Rosa’s subsea boosting system consists of two pumping stations, each containing a pair of subsea multiphase pumps built by Framo, now part of OneSubsea. The first set of pumps began service in September 2015, followed by the second pair in April 2016.
“We have four multiphase pumps in operation for the time being, and everything is working as planned,” Charlez says.
“Their implementation within an existing subsea installation not originally designed for has deeply modified the flow assurance and the way of operating both the Rosa and Girassol fields. Design optimisations were proposed, verified and tested through dedicated simulations, then translated into operating procedures and maintenance programs.”
Getting the power needed to run the systems to the seabed presented another challenge. The FPSO Girassol alone could not furnish sufficient power to activate and operate the pumps, so Total devised a plan to connect electrical power systems from Girassol and the nearby FPSO Dalia, which came online in 2015. The project required a 13-kilometre interconnecting power cable from the FPSO Dalia to the FPSO Girassol and an integrated power management system that allows the sharing of 100MW of power in full automatic mode, a set-up that Charlez describes as “a world’s first”.
The project also required debottlenecking of the existing power systems, he says.
“We could have added power on FPSO Girassol, but the big problem with adding power is that power needs space. So the idea here was to recover power from Dalia and connect the two FPSOs.”
Technology boost
As ultra-deepwater fields enter later life, operators are facing significant technological and economic challenges.
“Wringing the last barrel from a deepwater field costs a lot of money,” Charlez says. “And the low cost of oil today goes against extensive redevelopment of deepwater fields.”
In general, he says, the cost of a shallow-water redevelopment runs about 25% of a field’s initial development costs, for a typical return rate of 10% to 15% more oil. “So the cost per barrel is high,” he notes. The margins can be tighter for deepwater redevelopments.
“Redeveloping Rosa with a specific FPSO would not have been economic. Good technology ideas, such as subsea multiphase pumping, and using the existing facilities with existing power, were the only solutions that could make such a development economic.
“Bad economics can be a strong booster of technology,” he adds, citing the dramatic increase in oil and gas industry patents in the wake of the first major oil shock of the late 1970s. “When you have a difficult economic situation, people think more.”
However, successful redevelopment of ultra-deepwater brownfields will require more than technology.
“As for any other mature fields, such projects are executed on facilities in production and require managing complex SIMOPS (simultaneous operations) activities to minimise the production losses.”

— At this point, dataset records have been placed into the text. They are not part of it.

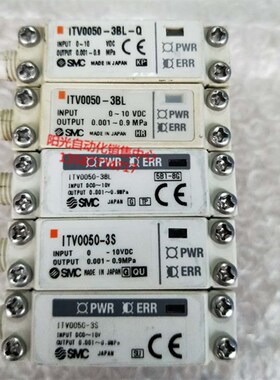 SMC电气比例阀ITV0050-3BL/3BS/3S/0BL,-Q,-2BL/2BS,ITV0010-3BL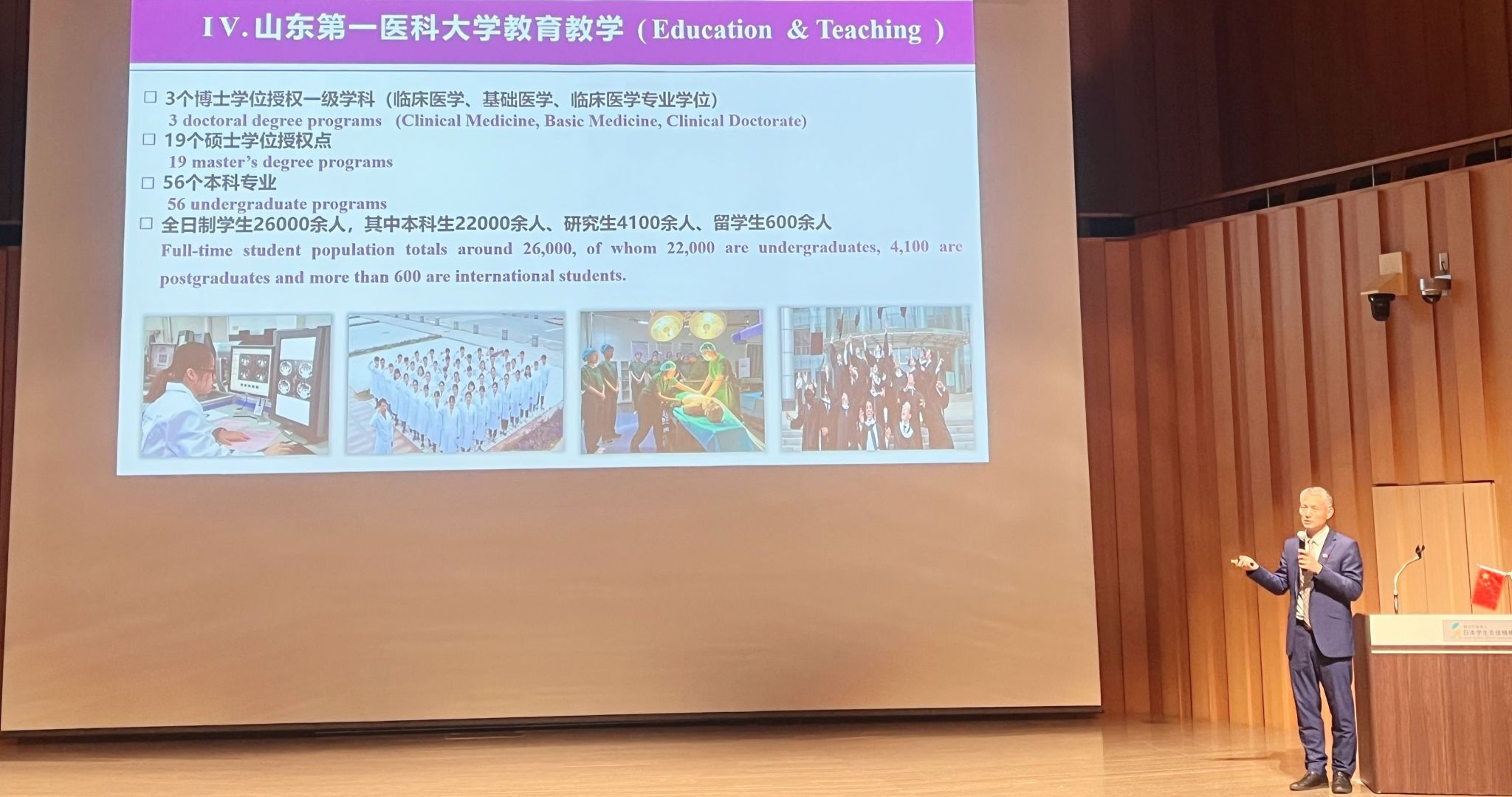 yl23455永利官网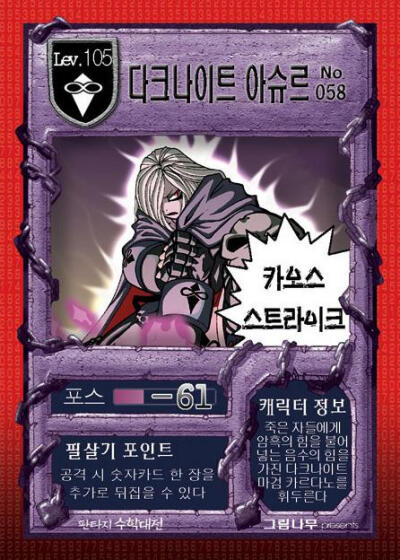 阿修罗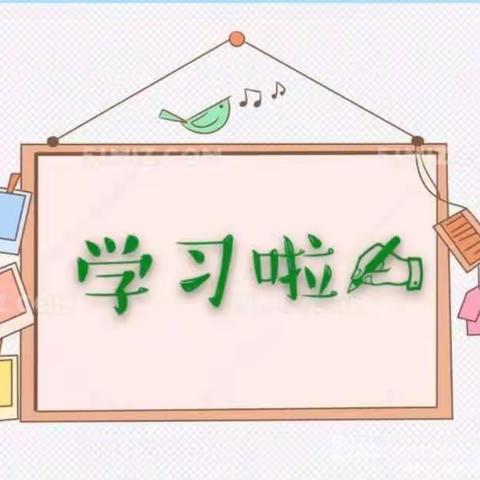 做终身学习的践行者——特克斯镇阔布幼儿园新疆农村幼儿园课程资源线上培训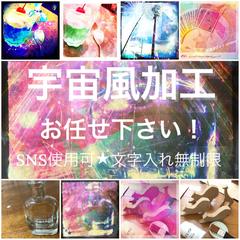 写真加工（宇宙風）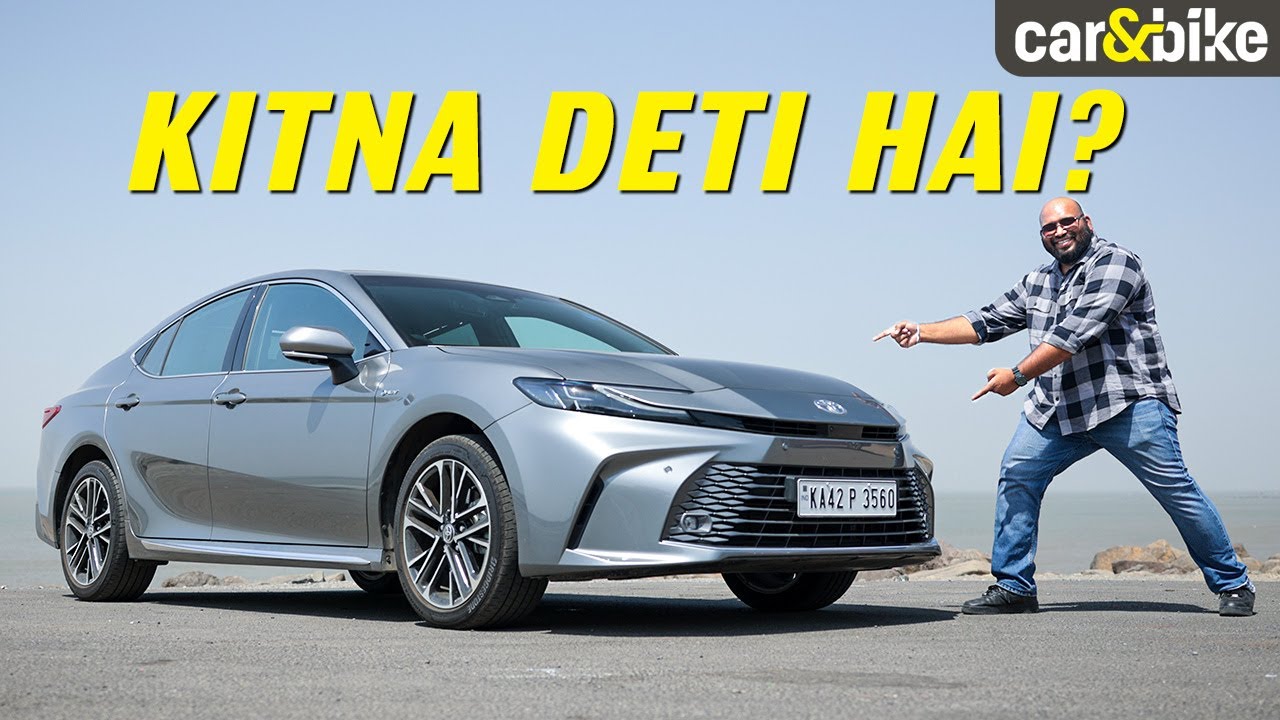 Toyota Camry Hybrid Sedan: Kya Accha Hai Aur Kya Bura | Real-World Mileage Test
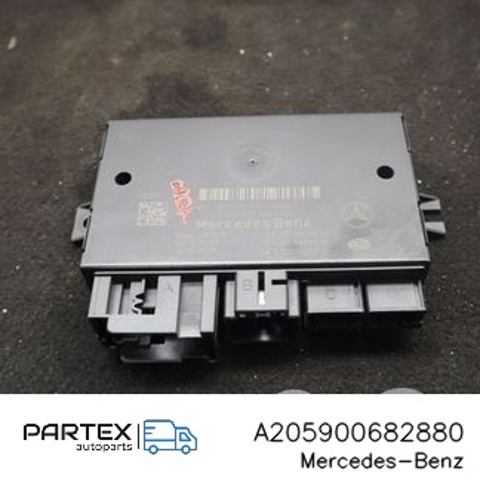 A205900682880 MERCEDES купить в Сумы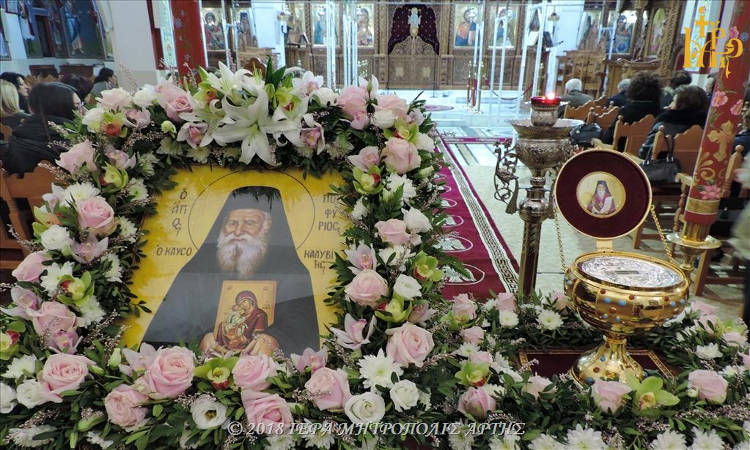 Εορτή Οσίου Πορφυρίου Καυσοκαλυβίτου στην Άρτα
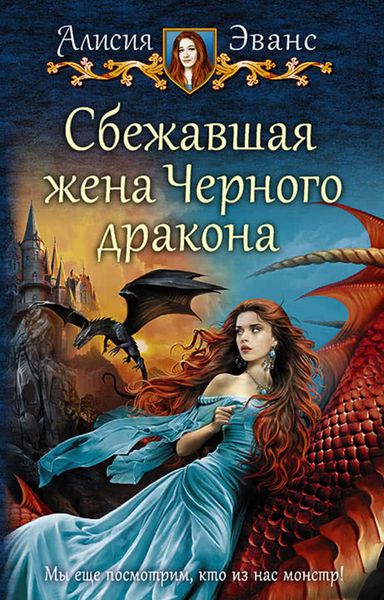 Обложка книги «Сбежавшая жена Чёрного дракона»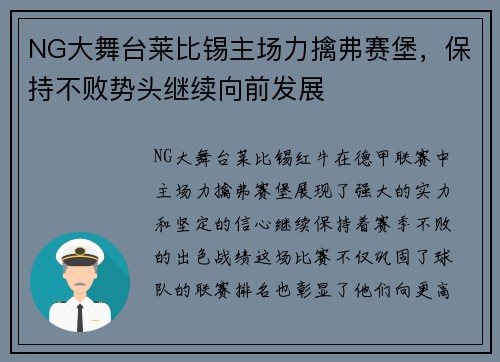 NG大舞台莱比锡主场力擒弗赛堡，保持不败势头继续向前发展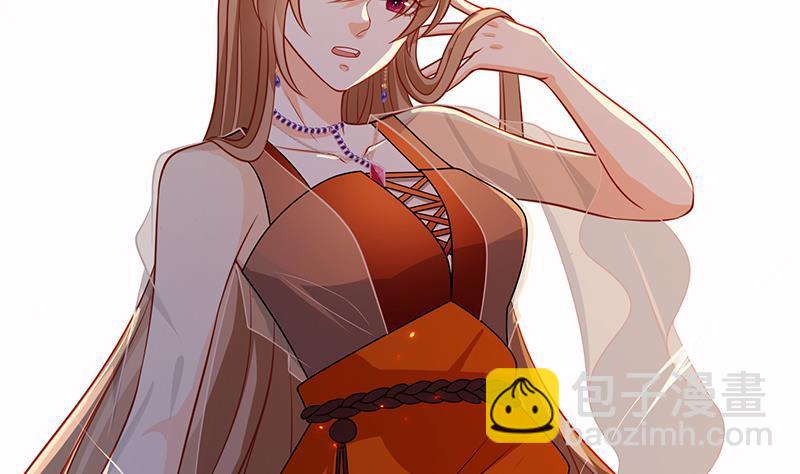 第264话 不该出现的第五人(1/2)-第264话
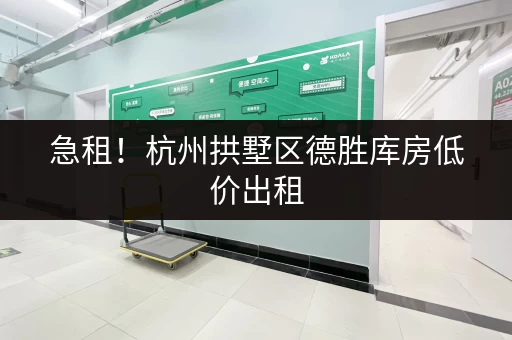急租！杭州拱墅区德胜库房低价出租，位置优越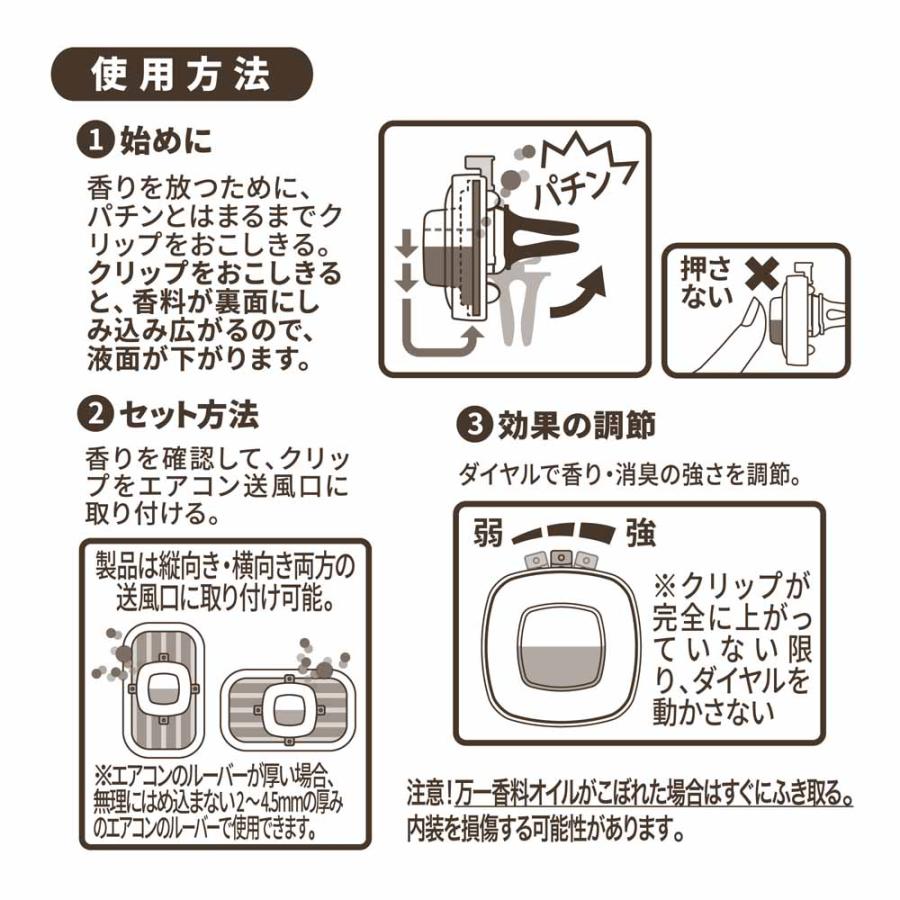ファブリーズ ふぁぶりーず Febreze faburi-zu ふぁぶリーズ p&g
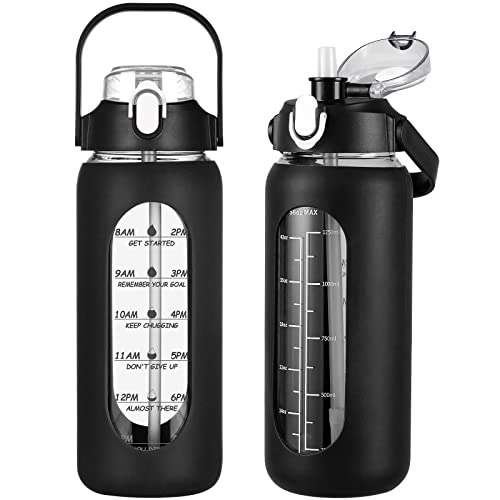 56oz Glass Water Bottles with Straw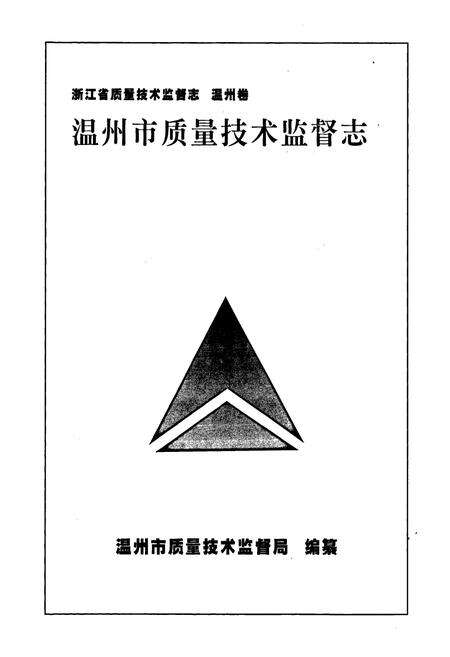 《浙江省质量技术监督志 温州卷 温州市质量技术监督志》.pdf电子版_浙江省志预览图1
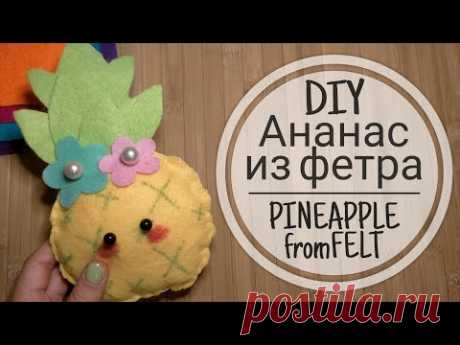 DIY АНАНАС из ФЕТРА // DIY PINEAPPLE from FELT🍍 игрушки из фетра своими руками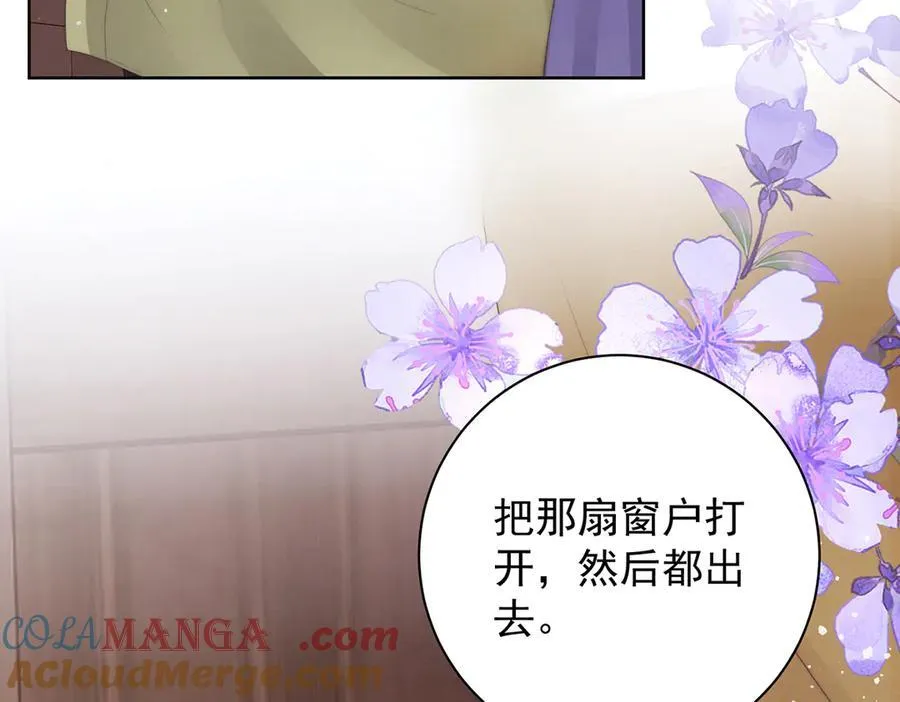 第51话 是何滋味？88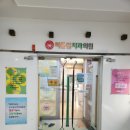 리틀원소아치과치과의원 이미지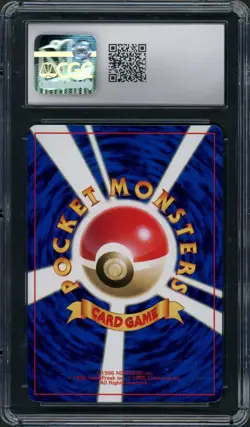 (CGC 8.5) 1999 Hama-Chan's Slowking 8 Corocoro Comic Promo Japanese Pokemon Psa - Image 2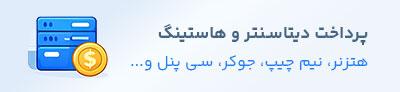 پرداخت هزینه دیتاسنتر و هاستینگ ها 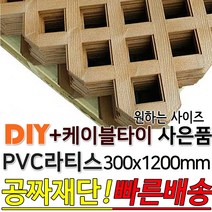 PVC 라티스 300x1200 브라운 +케이블타이8ea 사은품 가림막 파티션 휀스 격자망 울타리 방묘문 야외테라스 정원 난간격자망 DIY 빠른배송, 30x30
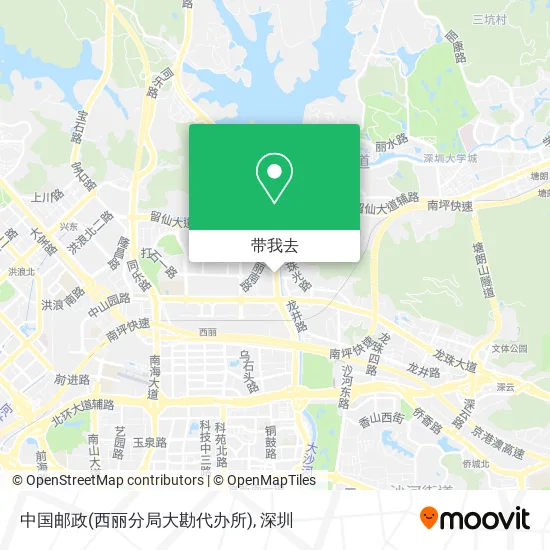 中国邮政(西丽分局大勘代办所)地图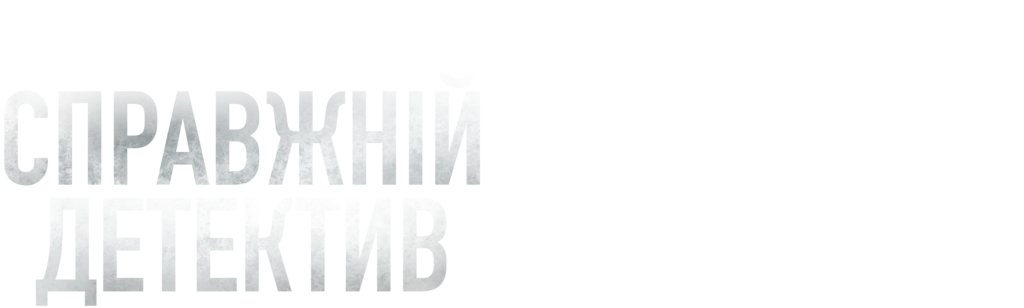Справжній детектив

The challenge is compounded on FPSOs and other floating production facilities, where redevelopment work often must share space with accommodations, drilling activities and maintenance work.
Charlez expects more subsea multiphase pump systems will be deployed in the coming years as deepwater fields in West Africa, Brazil and the Gulf of Mexico reach maturity.
“This was one of the first projects of this type because Girassol was one of the first greenfield developments in deepwater,” he says. “There will be many more.”